◆ WHAT IS REQUIRED: Leave the pictures in the listing below aside and reproduce exactly the lines starting with the one with "NWOT Lucky Brand" and going on through the one with "Snowmobile American Flag", both ends included.

◆ PROVIDED RECORDS:

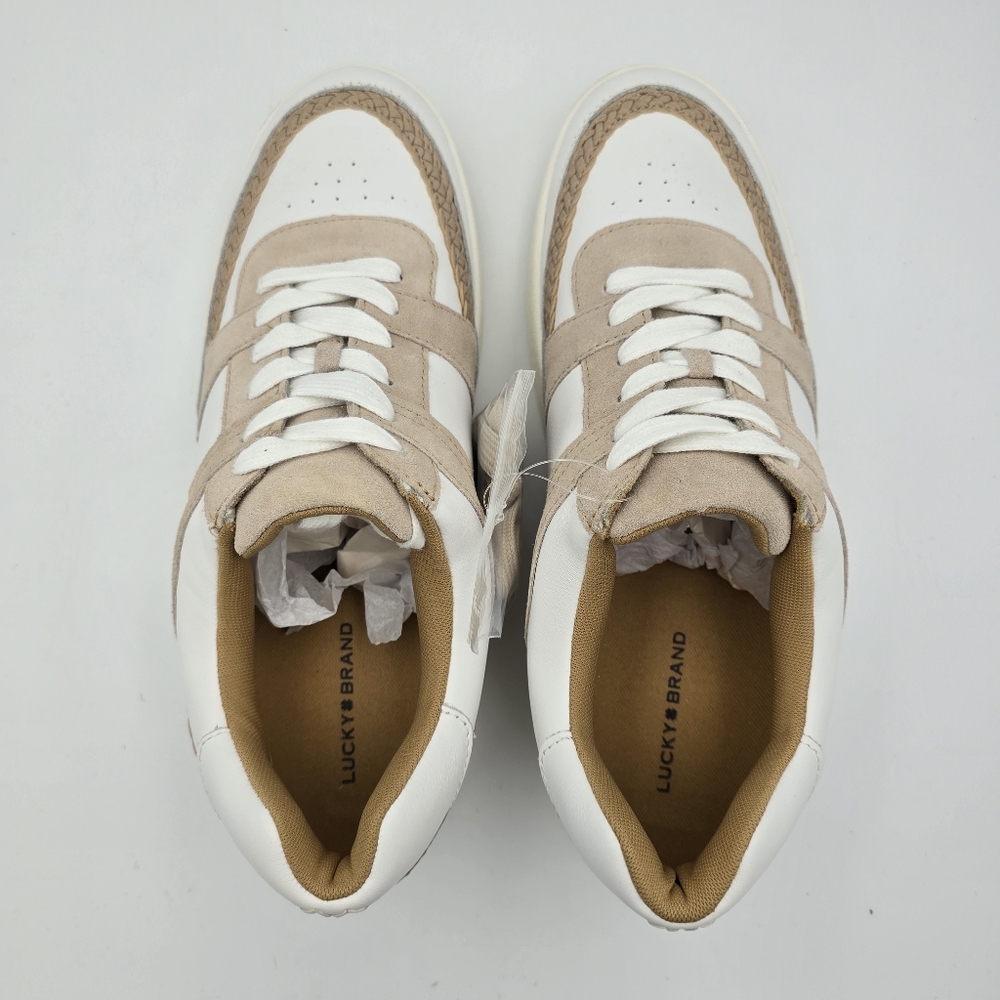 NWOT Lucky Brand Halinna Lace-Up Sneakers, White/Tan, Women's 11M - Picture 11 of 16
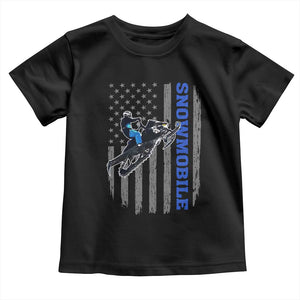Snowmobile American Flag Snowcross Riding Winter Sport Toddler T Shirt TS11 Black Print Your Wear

==

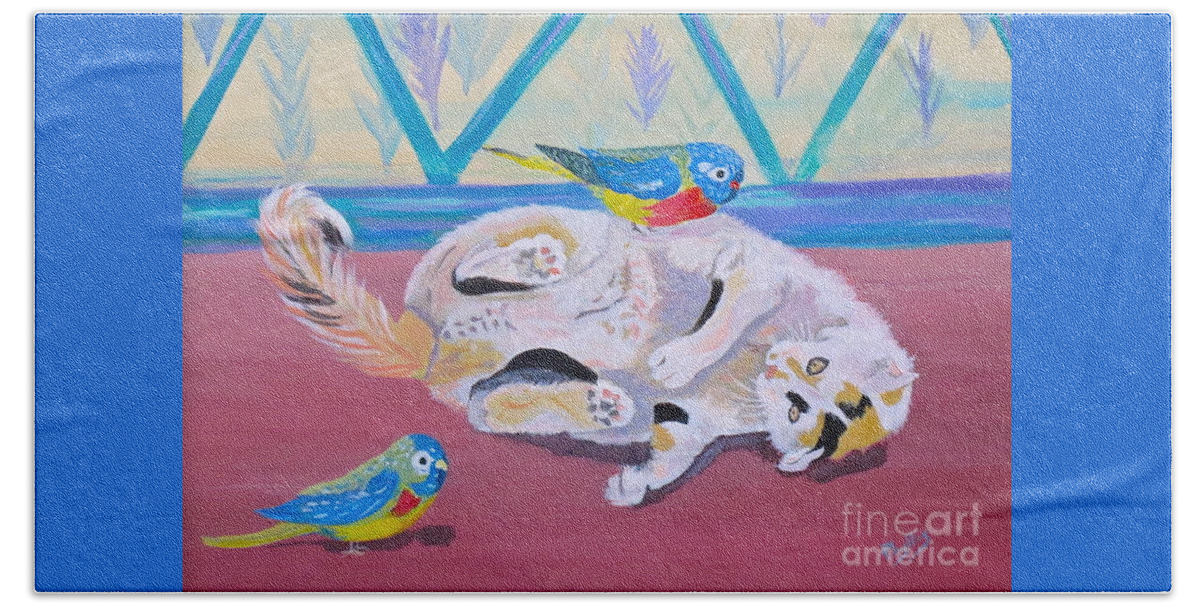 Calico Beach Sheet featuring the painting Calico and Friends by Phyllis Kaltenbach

---

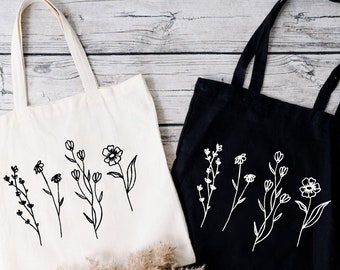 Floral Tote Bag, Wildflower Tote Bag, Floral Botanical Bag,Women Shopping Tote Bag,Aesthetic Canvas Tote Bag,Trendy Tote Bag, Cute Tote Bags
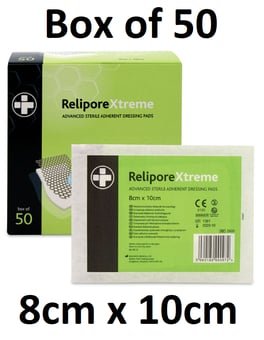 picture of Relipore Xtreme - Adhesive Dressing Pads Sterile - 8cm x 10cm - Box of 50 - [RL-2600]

◆ OUTPUT FOR THIS EXERCISE:
 NWOT Lucky Brand Halinna Lace-Up Sneakers, White/Tan, Women's 11M - Picture 11 of 16
Snowmobile American Flag Snowcross Riding Winter Sport Toddler T Shirt TS11 Black Print Your Wear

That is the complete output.